Même logique de simplification dans l’accompagnement, alors que Business France, dans son nouveau positionnement, aux côté des Chambres de commerce, pour animer des « guichets uniques » de l’accompagnement export sous l’autorité des régions. Son objectif : convaincre davantage de TPE et PME à se tourner vers l’export : « Avec Bpifrance, nous sommes les deux faces d’une même médaille » a souligné Christophe Lecourtier.
Plusieurs instruments financiers, qui relèvent de l’aide projet, continueront toutefois à être gérés par les services du Trésor : les prêts concessionnels du Trésor, et, une nouveauté, de nouveaux prêts non concessionnels, qui viendront en appui de grands projets. Les financements Fasep, continuent également à être gérés par le Trésor.

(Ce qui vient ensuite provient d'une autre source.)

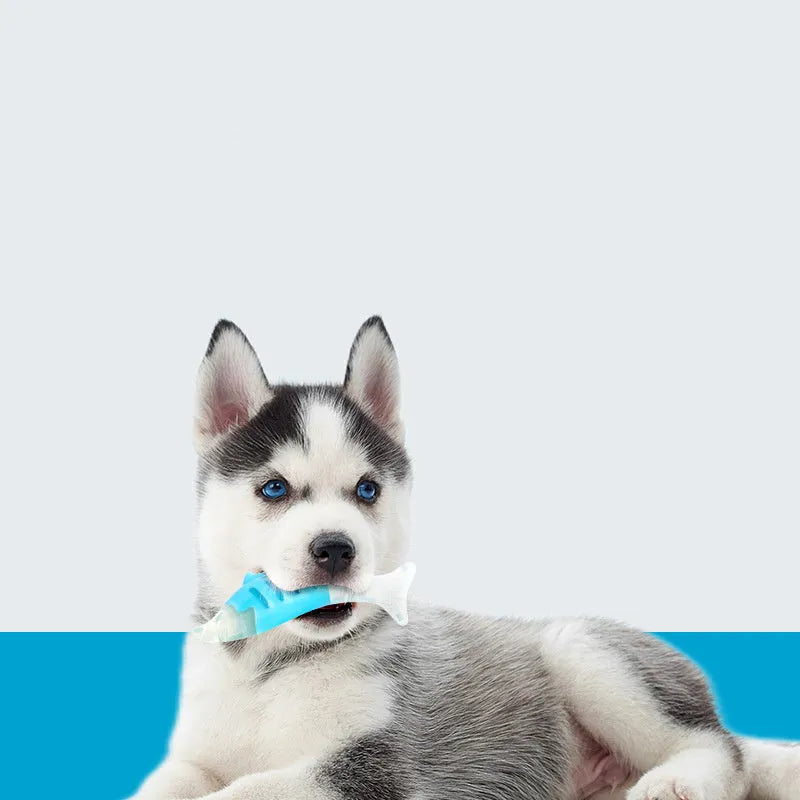 PU nylon dog chew toys in seahorse and tuna fish designs for puppy teething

En dehors de cette volonté simplificatrice dans l’organisation, comme promis, l’arsenal des instruments va connaître de nouveaux développements cette année.
Une assurance-prospection « plus simple »

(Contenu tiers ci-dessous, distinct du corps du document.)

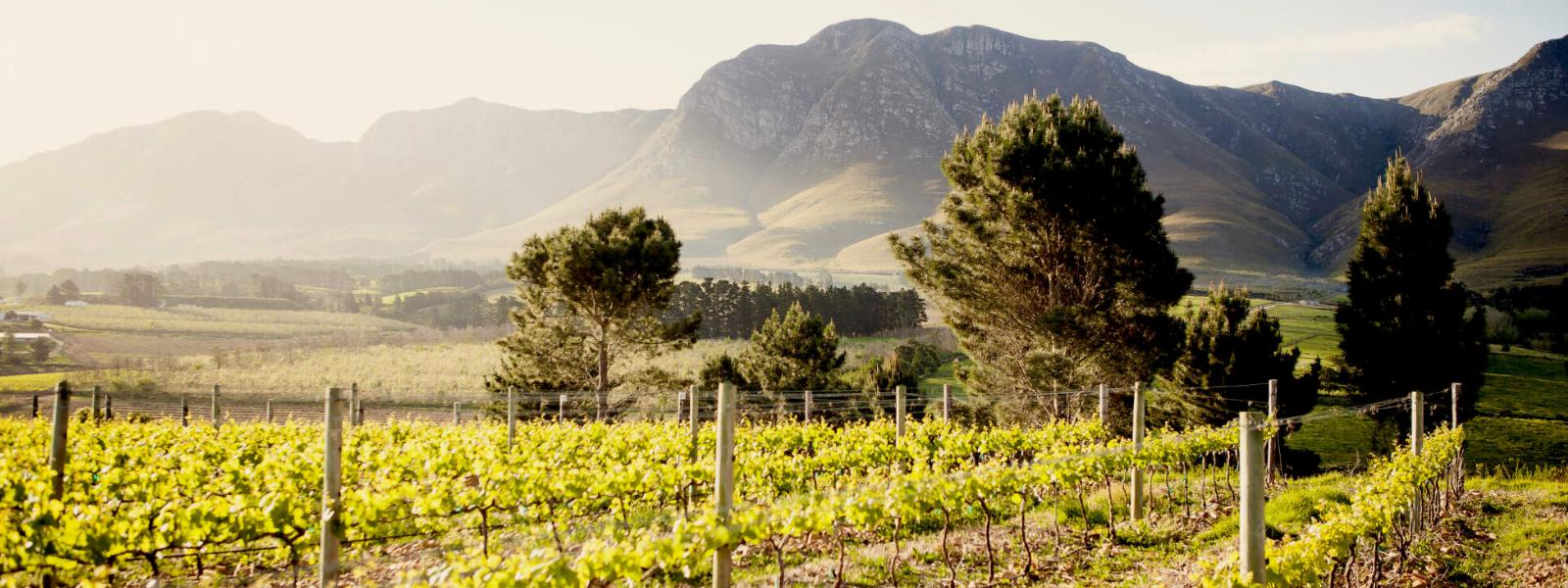 vineyard in south africa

L’assurance-prospection va être profondément réformée. Une nouvelle formule a été testée dans les Hauts de France : elle sera « plus simple » a assuré Nicolas Dufourcq, avec notamment trois rendez-vous administratifs seulement entre l’entreprise et Bpifrance assurance-export sur la durée du contrat (contre une dizaine dans la précédente formule) et le versement immédiat de la moitié du budget garanti si le bénéficiaire le demande. La quotité garantie sera de 65 % du budget total de prospection et l’entreprise devra rembourser 30 % du montant garanti que la prospection réussisse ou échoue.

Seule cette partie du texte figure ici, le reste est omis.